Using the listing below, please print exactly the lines from the one with "A Cozy urban" through the one with "Homemade Spongebob Castaway Island Cake". Leave out every picture.

#### [TASK DATA]
----

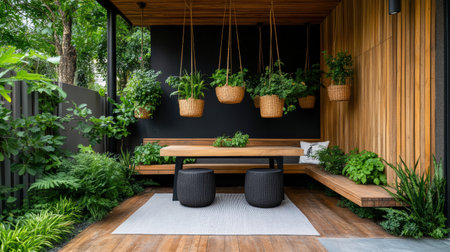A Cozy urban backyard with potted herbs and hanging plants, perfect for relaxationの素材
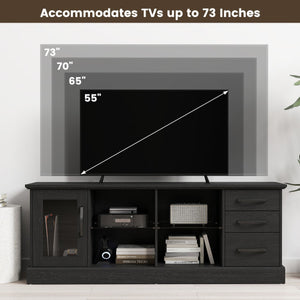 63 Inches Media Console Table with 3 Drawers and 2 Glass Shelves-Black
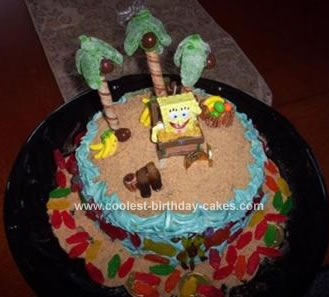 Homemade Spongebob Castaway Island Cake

----

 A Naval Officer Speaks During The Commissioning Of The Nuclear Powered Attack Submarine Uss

----

#### [EXERCISE RESPONSE]
A Cozy urban backyard with potted herbs and hanging plants, perfect for relaxationの素材
 63 Inches Media Console Table with 3 Drawers and 2 Glass Shelves-Black
 Homemade Spongebob Castaway Island Cake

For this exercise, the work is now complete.